An equitable understanding of each other will go a long way to nurture the startup scenario, especially in an eco-system that is just coming into its own right.
I look after startup investments and portfolio management at an early stage angel investment network, so I draw my assumptions largely from the following experiences:
- My firm is currently exploring options of raising a micro VC fund/ angel fund(<$20 mn. corpus). I have met with several investors, audit firms and industry consultants to understand the market.
- General conversations with Principals/ Managers at funds across India after long discussions involving positioning of our current portfolio of startups for their next round of fundraise.
- The constant chatter you hear in investor circles and the information flow you are exposed to by virtue of being in the industry
Full Disclaimer: An early stage angel network provides curated investment opportunities and draws the invested money from individual angel investors. We operate on the annual membership fee we charge for our services. Investing into quality startups and later managing the portfolio becomes key to drive a network’s business and build credibility.
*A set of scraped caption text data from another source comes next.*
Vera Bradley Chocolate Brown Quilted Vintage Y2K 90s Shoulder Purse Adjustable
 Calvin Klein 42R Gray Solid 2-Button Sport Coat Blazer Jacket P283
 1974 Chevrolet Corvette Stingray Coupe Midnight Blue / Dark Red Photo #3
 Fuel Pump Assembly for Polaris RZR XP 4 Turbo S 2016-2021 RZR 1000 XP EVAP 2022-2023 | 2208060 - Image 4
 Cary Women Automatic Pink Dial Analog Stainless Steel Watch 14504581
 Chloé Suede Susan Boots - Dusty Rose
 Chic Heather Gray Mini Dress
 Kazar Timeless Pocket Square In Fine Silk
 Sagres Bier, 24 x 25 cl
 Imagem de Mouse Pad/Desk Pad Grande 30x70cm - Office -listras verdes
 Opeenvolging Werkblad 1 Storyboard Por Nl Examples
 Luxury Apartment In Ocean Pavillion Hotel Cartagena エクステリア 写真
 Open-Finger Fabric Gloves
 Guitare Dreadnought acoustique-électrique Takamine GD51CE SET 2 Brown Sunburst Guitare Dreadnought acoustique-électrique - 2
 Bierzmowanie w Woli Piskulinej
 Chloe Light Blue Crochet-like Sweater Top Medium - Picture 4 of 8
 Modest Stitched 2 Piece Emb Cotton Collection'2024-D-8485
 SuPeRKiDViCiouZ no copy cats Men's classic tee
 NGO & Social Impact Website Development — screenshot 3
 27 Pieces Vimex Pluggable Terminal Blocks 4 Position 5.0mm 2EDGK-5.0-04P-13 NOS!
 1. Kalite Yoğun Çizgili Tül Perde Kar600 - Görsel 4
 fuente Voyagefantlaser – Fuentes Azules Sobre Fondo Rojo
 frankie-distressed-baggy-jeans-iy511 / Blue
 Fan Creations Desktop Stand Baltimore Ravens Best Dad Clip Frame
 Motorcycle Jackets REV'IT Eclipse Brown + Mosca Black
The venture capital business is a 100% game of outliers- it’s extreme exceptions.
– Marc Andreessen
After a month of going through articles and resources that would help us in our fundraising process and meeting with several people, if there is one inference that stands out for me, it is this:
You need to be either absolutely confident or insane to get into the VC business.
There is no other business that is so skewed in terms of risk reward measures.
Before we start, here’s a quick primer on the business model of VC companies around the world:
Limited Partner (LP): Invests in venture capital funds. Can be individual / institutional (pension funds/ banks/ HNI family offices).
As a rule of thumb, the following is the priority order in the VCs’ mind-
Foreign institutional > Indian institutional (SIDBI etc.) > Foreign individual > Indian individual
(Your investor list determines your pedigree when you go for the next raise/ institutional investors have appetite to be a part of multiple funds)
The 2% (of fund corpus) annual management fee is to cover the expenses of the VC Fund Manager’s team/ operations.
Hurdle Rate: The minimum assured annual rate of return to the limited partner post which the VC fund manager will look for a share of profits generated. 8% is supposed to be industry standard but first time VCs typically keep it higher to make their fund more attractive.
Carry: The share of future profits the VC manager is entitled to. Usually at 20% of the amount after generating returns exceeding the hurdle rate. First-timers can go upto 15%.
Holding Period: Operating lifetime of the fund over which it generates returns.
IRR: The average annual rate of return the fund plans on making over its life-cycle
The role of a VC Fund Manager comes down to three things:
- Raise money from your limited partners based on your pedigree (investing/ operational) and by promising returns.
- Find, invest and manage startups which can generate enough of returns to satisfy the LPs’.
- Do everything and anything to realise these gains and wire cash back to the LPs’.
(Note that LPs’ come in all the three points!)
What is the cost of failing then?
- A VC- LP relationship is somewhat akin to an entrepreneur- VC relationship (admittedly with more leeway with the 8–10 year time frame). Fail the LP and you can kiss goodbye to him being a part of your next fund.
- Most funds begin preparations to raise their next fund within 3–4 years. The deployment of capital from the first fund should start showing some results to attract the next set of LPs’.
- The VC industry in India is less than 10 years old. But in my opinion, there is no transferrable role for a fund manager. It is a mile wide — inch deep role and requires a lot of focus and generalist skill sets.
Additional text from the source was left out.